I have two kubernetes clusters that were set up by kops. They are both running v1.10.8. I have done by best to mirror the configuration between the two. They both have RBAC enabled. I have kubernetes-dashboard running on both. They both have a /srv/kubernetes/known_tokens.csv with an admin and a kube user:

$ sudo cat /srv/kubernetes/known_tokens.csv ABCD,admin,admin,system:masters DEFG,kube,kube (... other users ...)

My question is how do these users get authorized with consideration to RBAC? When authenticating to kubernetes-dashboard using tokens, the admin user's token works on both clusters and has full access. But the kube user's token only has access on one of the clusters. On one cluster, I get the following errors in the dashboard.

configmaps is forbidden: User "kube" cannot list configmaps in the namespace "default" persistentvolumeclaims is forbidden: User "kube" cannot list persistentvolumeclaims in the namespace "default" secrets is forbidden: User "kube" cannot list secrets in the namespace "default" services is forbidden: User "kube" cannot list services in the namespace "default" ingresses.extensions is forbidden: User "kube" cannot list ingresses.extensions in the namespace "default" daemonsets.apps is forbidden: User "kube" cannot list daemonsets.apps in the namespace "default" pods is forbidden: User "kube" cannot list pods in the namespace "default" events is forbidden: User "kube" cannot list events in the namespace "default" deployments.apps is forbidden: User "kube" cannot list deployments.apps in the namespace "default" replicasets.apps is forbidden: User "kube" cannot list replicasets.apps in the namespace "default" jobs.batch is forbidden: User "kube" cannot list jobs.batch in the namespace "default" cronjobs.batch is forbidden: User "kube" cannot list cronjobs.batch in the namespace "default" replicationcontrollers is forbidden: User "kube" cannot list replicationcontrollers in the namespace "default" statefulsets.apps is forbidden: User "kube" cannot list statefulsets.apps in the namespace "default"

As per the official docs, "Kubernetes does not have objects which represent normal user accounts".

I can't find anywhere on the working cluster that would give authorization to kube.

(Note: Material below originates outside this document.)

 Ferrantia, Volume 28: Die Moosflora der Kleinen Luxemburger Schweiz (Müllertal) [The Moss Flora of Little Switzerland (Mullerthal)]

Likewise, I can't find anything that would restrict kube on the other cluster. I've checked all ClusterRoleBinding resources in the default and kube-system namespace. None of these reference the kube user. So why the discrepancy in access to the dashboard and how can I adjust it?

Some other questions:

• How do I debug authorization issues such as this? The dashboard logs just say this user doesn't have access. Is there somewhere I can see which serviceAccount a particular request or token is mapped to?
• What are groups in k8s? The k8s docs mention groups a lot. Even the static token users can be assigned a group such as system:masters which looks like arole/clusterrolebut there is nosystem:mastersrole in my cluster? What exactly aregroups`? As per Create user group using RBAC API?, it appears groups are simply arbitrary labels that can be defined per user. What's the point of them? Can I map a group to a RBAC serviceAccount?

Update

I restarted the working cluster and it no longer works. I get the same authorization errors as the working cluster. Looks like it was some sort of cached access. Sorry for the bogus question. I'm still curious on my follow-up questions but they can be made into separate questions.